Dinner is your only option. Wood operates Tuesday through Saturday from 7 PM to 9:30 PM and is closed Monday and Sunday. There is no lunch service. Plan accordingly if you are building a ski day around an evening booking.
It can work, but Wood is not set up as a solo-first experience the way a counter-format omakase would be. The creative tasting format from Chef Amanda Eriksson rewards conversation and the pace of a shared meal. Solo diners who are comfortable at a table alone in a focused restaurant will be fine — but if solo dining with counter interaction is your preference, options like a chef's table at Enrico Bartolini may suit better.
Yes, and it is one of the stronger cases for it in the Aosta Valley. A Michelin star at 2,000 metres, a wine list overseen by business partner Cristian Scalco featuring rare vintages, and a kitchen running elk tartare in beetroot ravioli alongside butter-cooked cauliflower with smoked Fontina — the menu has enough ambition to make a dinner feel considered rather than routine. Book well ahead: this is a small room in a high-turnover ski resort.
The database does not specify Wood's dietary restriction policy. Given the creative format and small kitchen — Chef Amanda Eriksson works with precision Swedish-Italian recipes involving specific ingredient pairings — check the venue's official channels before booking if you have serious dietary needs. Arriving without notice at a tasting-format Michelin-starred room with restrictions is high risk.
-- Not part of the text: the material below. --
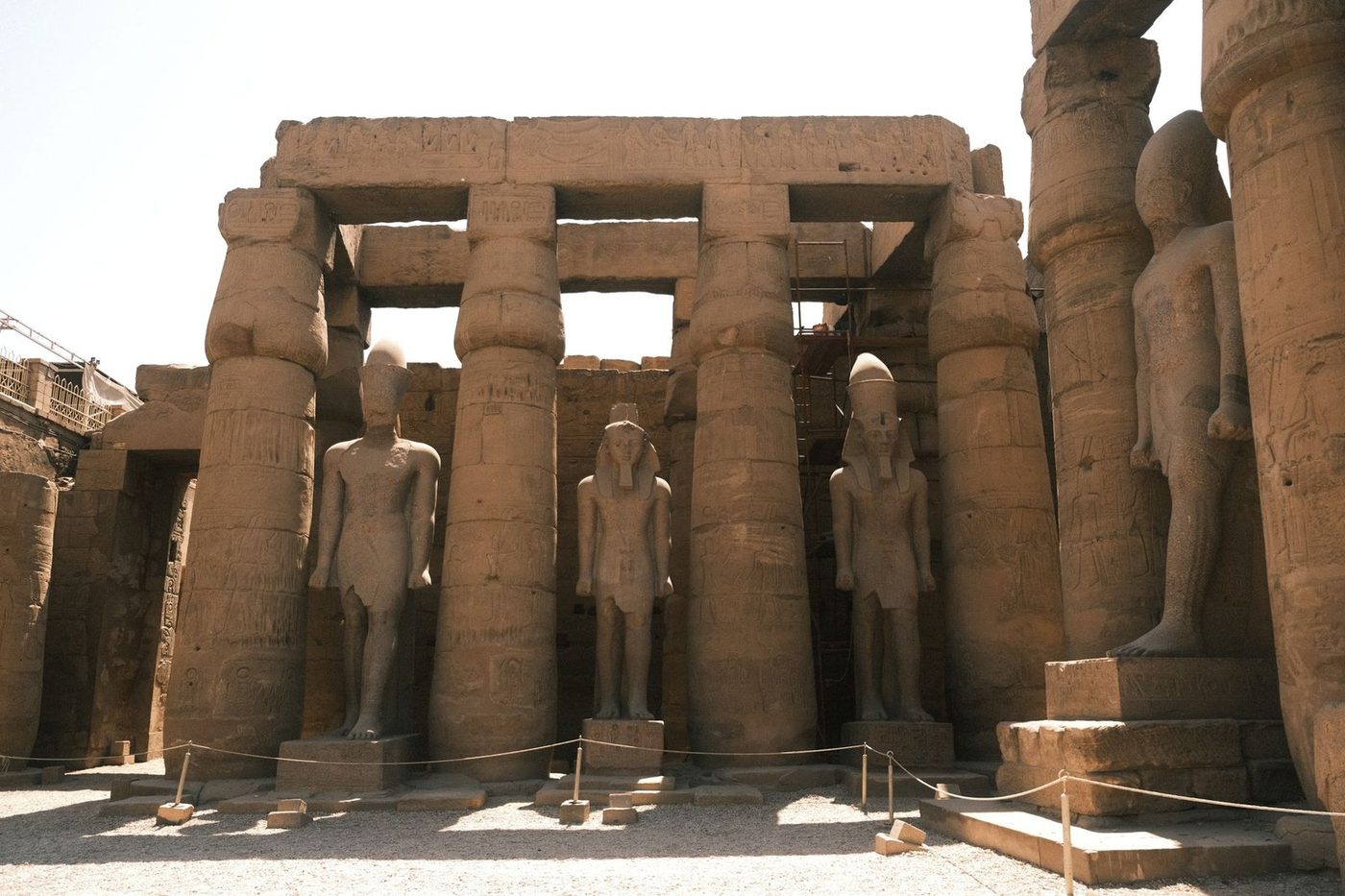 أعمدة بهو الأساطين الكبرى في معبد الكرنك بالأقصر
No bar dining option is documented for Wood. The restaurant operates as a dinner-only creative venue at €€€ pricing, and the format is a seated dinner service rather than a bar-forward room. If informal counter or bar seating is your preference, Wood is not the right format.
Keep this venue in your Pearl passport, rate it after you visit, and track it alongside every other place you collect.